1

I was reading somewhere that it is faster to use bitwise operators instead of if statements where possible. I am working on an image processing project and I have various methods for doing math on pixels. For instance when I add a pixel I would check and make sure the sum does not go over the maximum value. I changed it to be this...

    Pixel16 operator+(Pixel16 p) const noexcept
    {
        uint_fast32_t r = red + p.red;
        uint_fast32_t g = green + p.green;
        uint_fast32_t b = blue + p.blue;
        return Pixel16(r | -(r > 0xffff), g | -(g > 0xffff), b | -(b > 0xffff));
    }

Do you guys think it is faster than writing statements like...

if(r > 0xffff)
 r = 0xffff;

FYI red, green, and blue are member variables of type uint16_t

LogicStuff
  • 19,397
  • 6
  • 54
  • 74
chasep255
  • 11,745
  • 8
  • 58
  • 115
  • 1
    Who knows, try it, obviously it depends on what the compiler does with it and the characteristics of the platform and (when applicable) the predictability of that branch.
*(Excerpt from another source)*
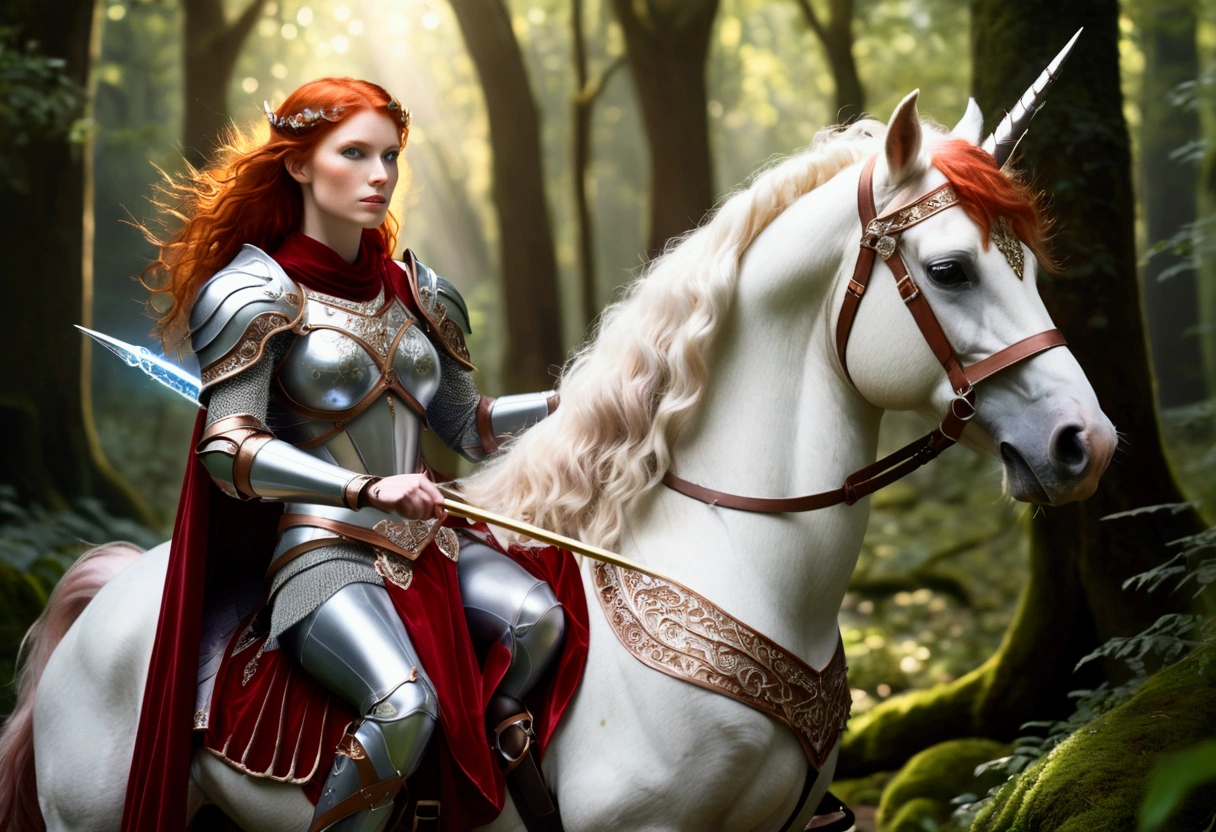A lovely red headed elf woman (sexy mithril plate armor, ornate cape, enchanted electric lance) riding upon a powerful white steed with unicorn themed mithril barding. enchanted forest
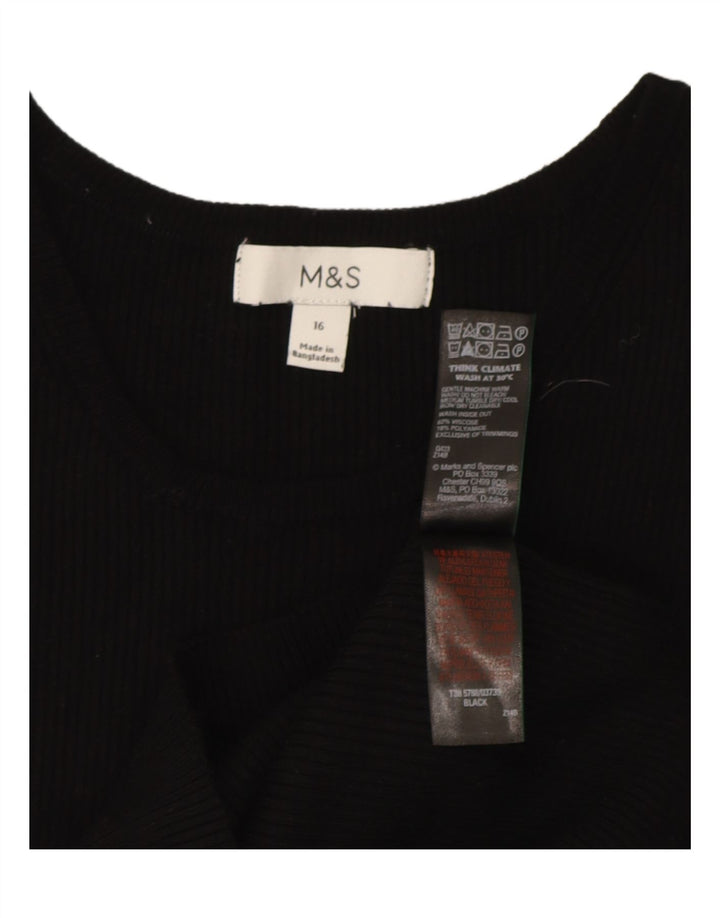 Canotta da donna Marks & Spencer UK 16 grande in viscosa nera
If you're willing to accept SSE intrinsics, there's an intrinsic for "packed add words with unsigned saturation" – harold Apr 23 '15 at 15:33
  • 6
    Advice: first, write for maintainability, then if it's not fast enough for your need, after measuring which part is the bottleneck, try to optimise and **measure** the actual speedup. – Hiura Apr 23 '15 at 15:33
  • Why not run a release version of your code and test which one is faster? Also, on a side note -- you should implement `operator +=` first, and then implement `operator+` in terms of `operator +=`. Makes a much cleaner interface, plus you get two overloaded operators for practically the price of one. – PaulMcKenzie Apr 23 '15 at 15:34
  • Wouldnt it take more cycles to execute the bitwise operations than it would be to do the if statement? – Javia1492 Apr 23 '15 at 15:35
  • 1
    @Javia1492 how do you know what the if-statement compiles to? It could even be exactly the same as the bitwise version.. or a conditional move, or something else that isn't a branch, or it could be a branch but then you still don't know how long that branch takes because it depends on that platform and the predictability of the branch – harold Apr 23 '15 at 15:37
  • 1
    @Javia1492 [See this](http://stackoverflow.com/a/11227902/16287). – Drew Dormann Apr 23 '15 at 15:37
  • @DrewDormann Thanks for the link. Very good read and information. – Javia1492 Apr 23 '15 at 15:42
  • just measure in real task. result may differ depending on compiler and platform. real measurement can easily differ with words of any expert. – Vincenso Apr 23 '15 at 15:37

4 Answers4

2

Given this code:

#include <algorithm>
#include <cstdint>

struct Pixel16 {
    uint16_t red;
    uint16_t blue;
    uint16_t green;

    Pixel16(uint16_t red, uint16_t green, uint16_t blue);

};

Pixel16 v1(Pixel16 const & p, Pixel16 const & s) {
    uint_fast32_t r = p.red   + s.red;
    uint_fast32_t g = p.green + s.green;
    uint_fast32_t b = p.blue  + s.blue;
    return Pixel16(r | -(r > 0xffff), g | -(g > 0xffff), b | -(b > 0xffff));
}

Pixel16 v2(Pixel16 const & p, Pixel16 const & s) {
    uint_fast32_t r = p.red   + s.red;
    uint_fast32_t g = p.green + s.green;
    uint_fast32_t b = p.blue  + s.blue;

    r = std::min(r, (uint_fast32_t) 0xFFFF);
    g = std::min(g, (uint_fast32_t) 0xFFFF);
    b = std::min(b, (uint_fast32_t) 0xFFFF);

    return Pixel16(r, g, b);
}

What does my compiler give as a result?

Clang on OS X will generate functionally identical code for v1 and v2. The only difference is that the order that the calls to min() and the equivalent work in v1 occur in a different order.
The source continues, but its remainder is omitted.